■ WHAT TO PRODUCE: Please repeat exactly, and only, the lines from the one containing "Exhaust Intermediate Pipe" through the end of the records below, with no pictures.

■ GIVEN ENTRIES:

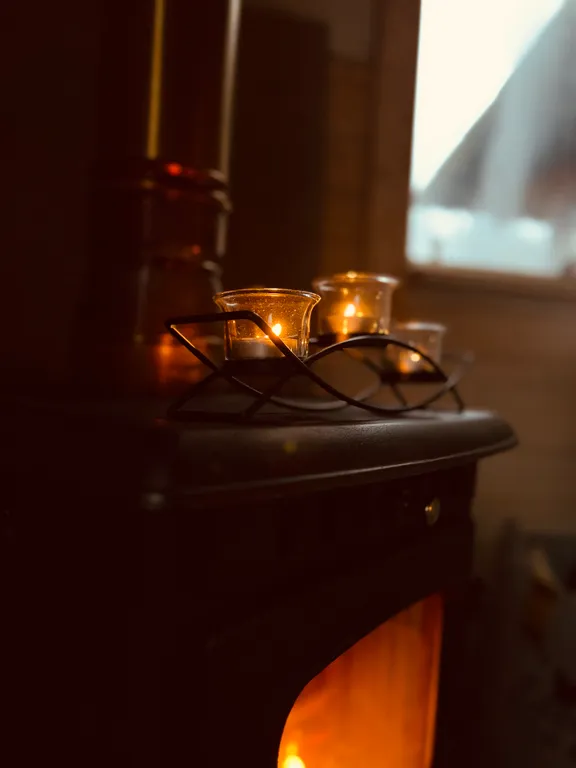 Коттедж Загородный дом со всеми удобствами рядом с речкой и озером — Рябово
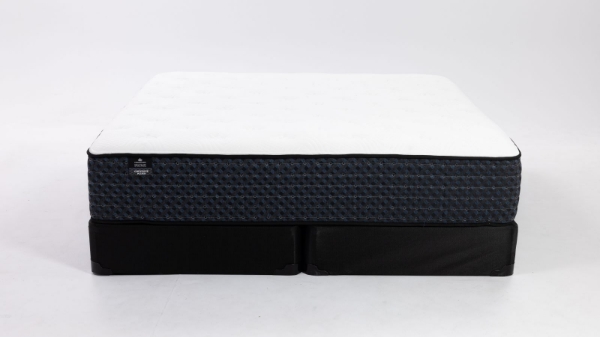 Picture of Cheyenne II Plush Queen Mattress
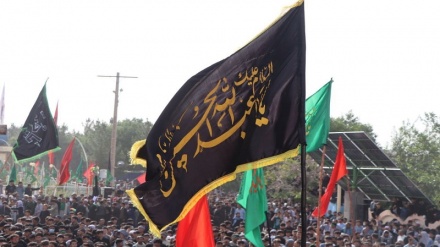 ایران میں محرم کے عشرہ اول میں بے مثال جذبہ حریت حسینی کا مظاہرہ (ایک خاص ویڈیو رپورٹ)
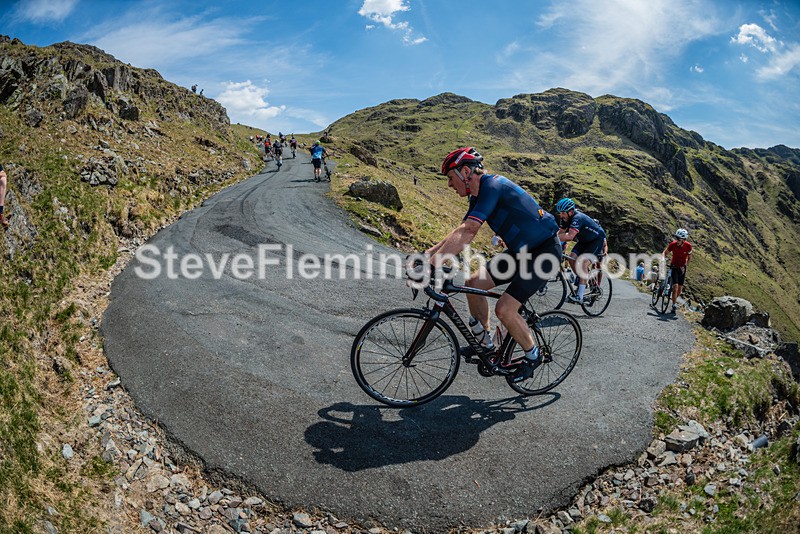 130627 - Hardknott Hairpin 13.00 - 14.00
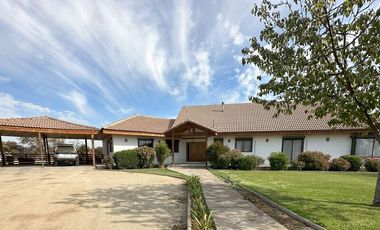 Casa en venta en PEÑAFLOR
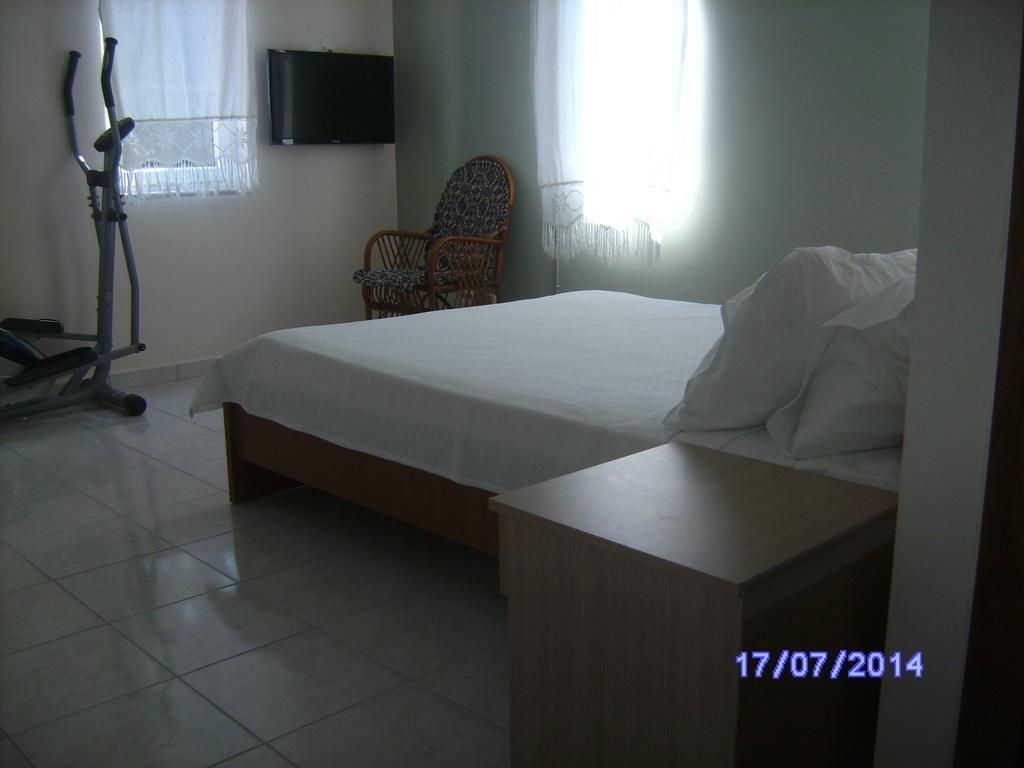Villa Koknar Pension Kaş Extérieur photo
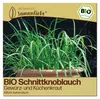 Samenliebe  Schnittknoblauch Samen | Küchenkraut - Produktbild-Vorschau 1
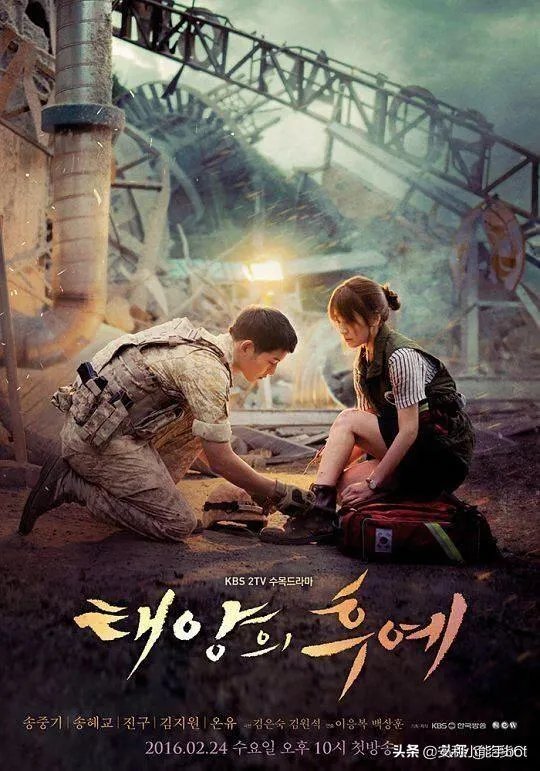 “十大最受欢迎韩剧”有哪些？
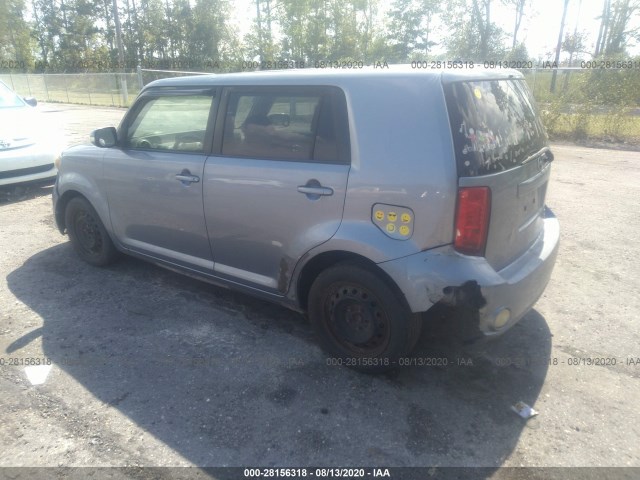 Photo 2 VIN: JTLZE4FE4A1112996 - SCION XB 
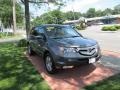 Sterling Gray Metallic - MDX Technology Photo No. 3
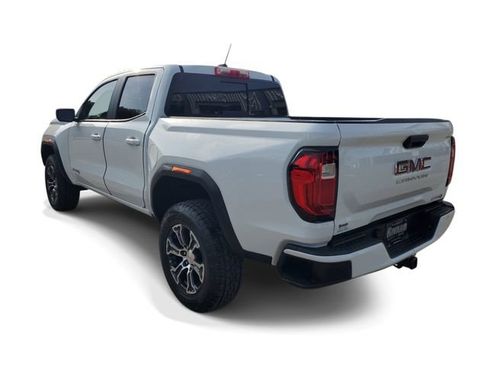 Used 2023 GMC Canyon AT4 AWD/4WD image 3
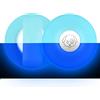 PKQTOP Custodia Protettiva in Silicone per AirTag，Custodia Compatibile con Apple Airtag GPS Finder Collare per Cani e Gatti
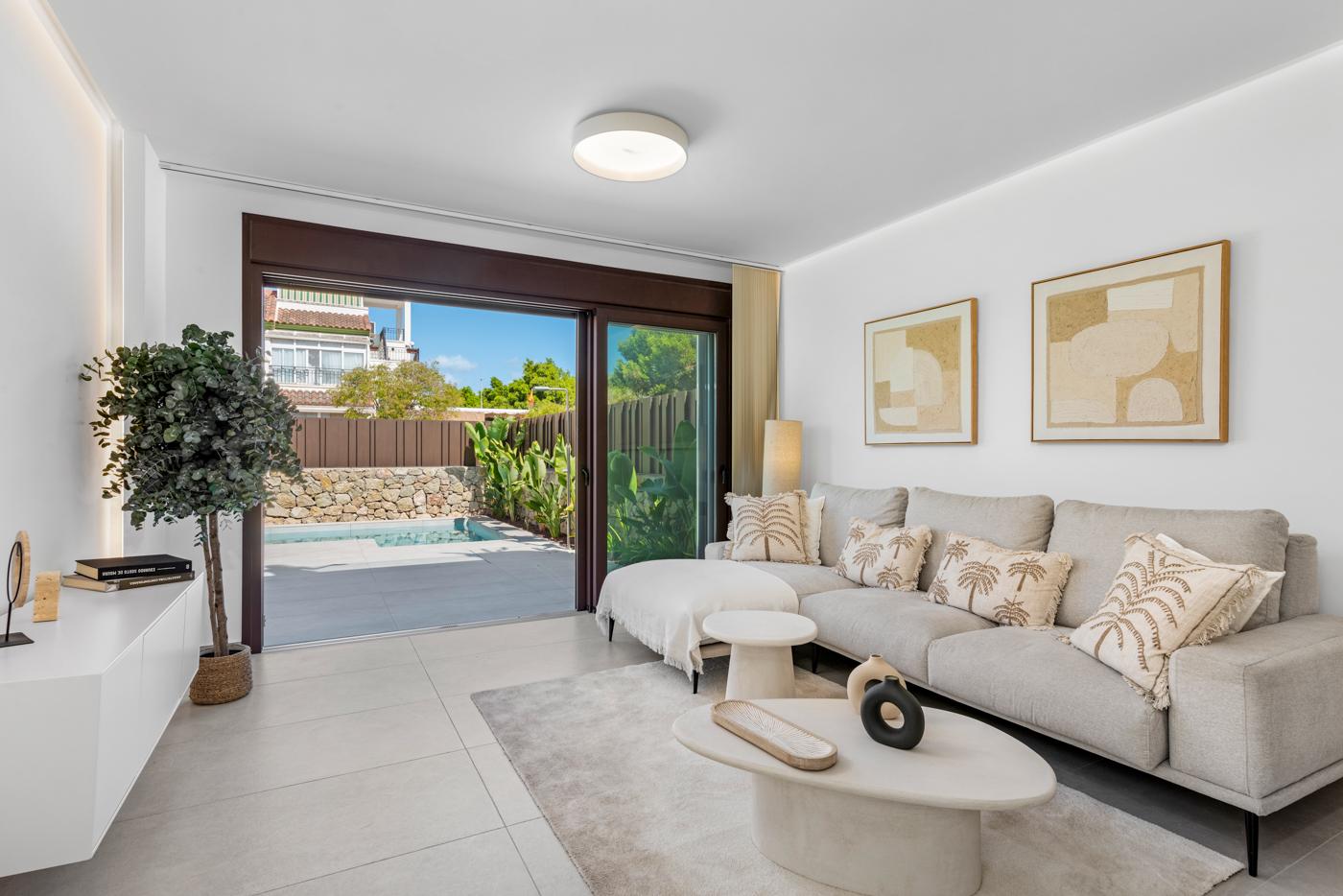 Villa for Sale in Orihuela
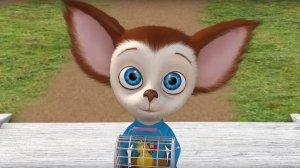 БАРБОСКИНЫ - СБОРНИК БАРБОСКИНЫ ДЛЯ ДЕТЕЙ - МУЛЬТИКИ БАРБОСКИНЫ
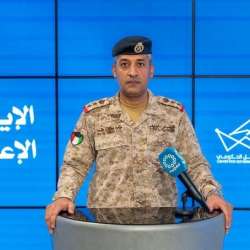 العقيد الركن سعود العطوان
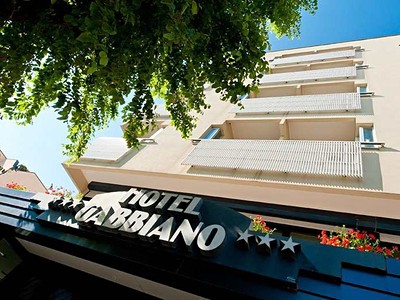 Hotel Gabbiano Cattolica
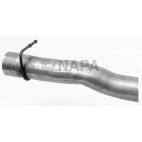 Exhaust Intermediate Pipe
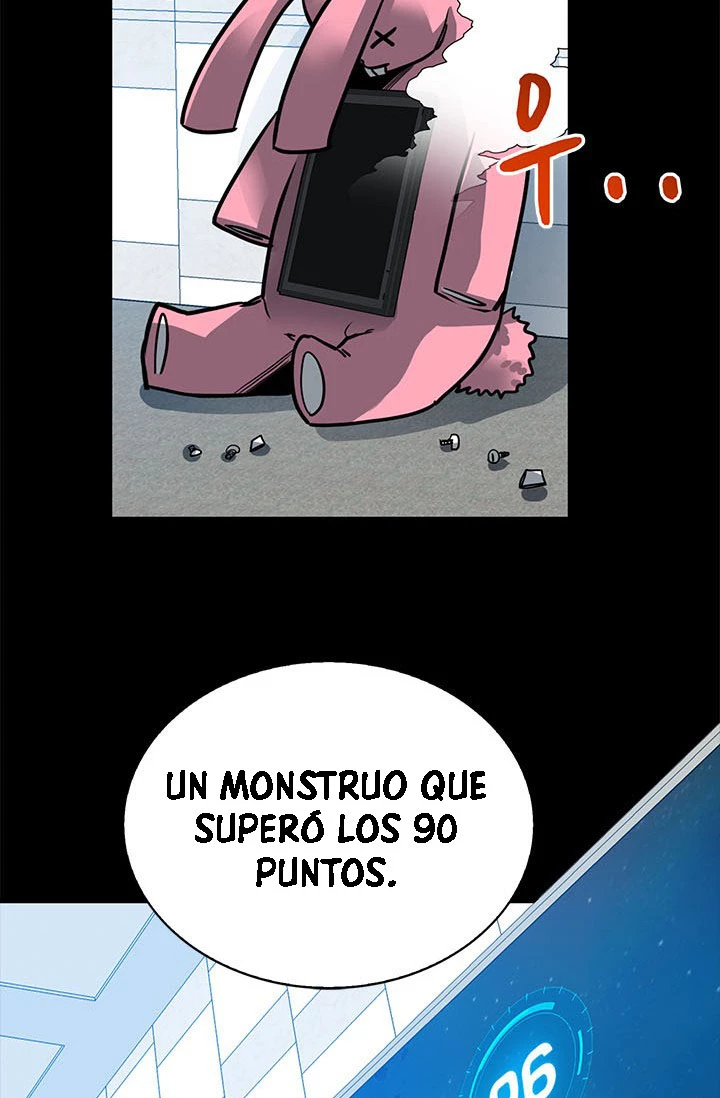 Cazador de gachas de clase SSS capítulo 12, página 88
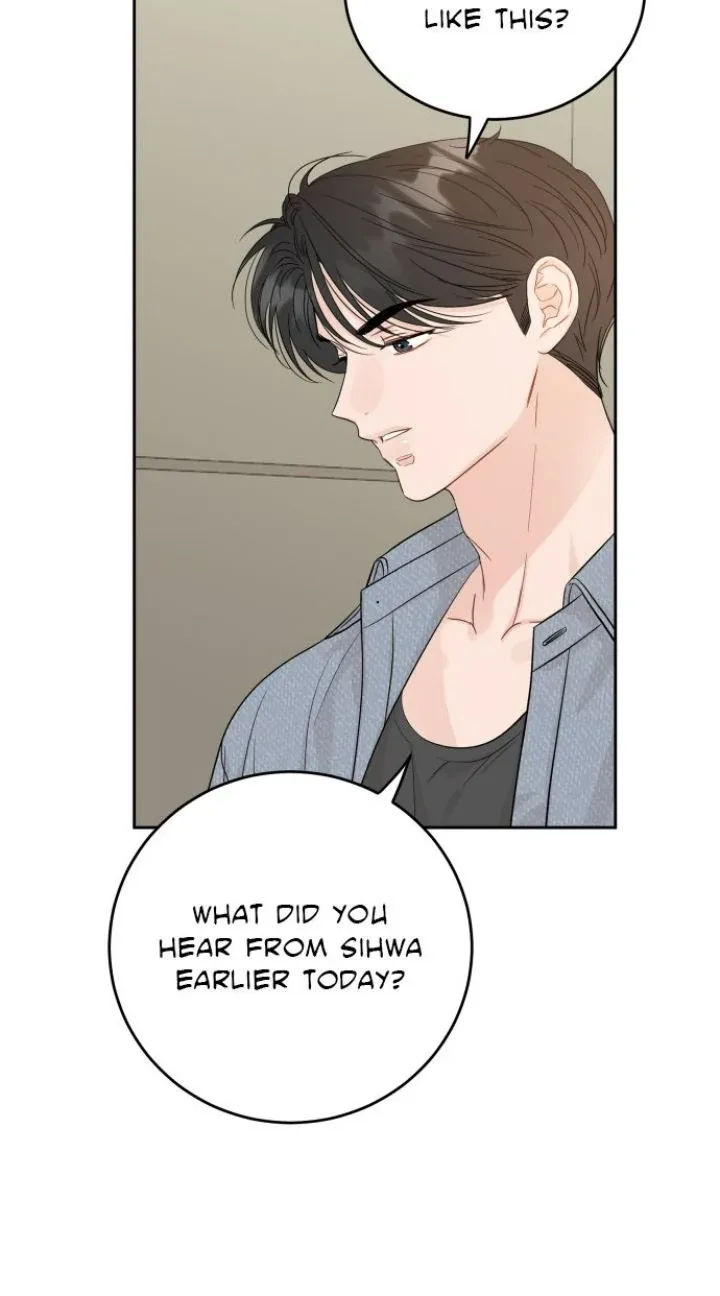 Family-Like XX Chapter 101 page 25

■ YOUR RESPONSE:
 Exhaust Intermediate Pipe
 Cazador de gachas de clase SSS capítulo 12, página 88
 Family-Like XX Chapter 101 page 25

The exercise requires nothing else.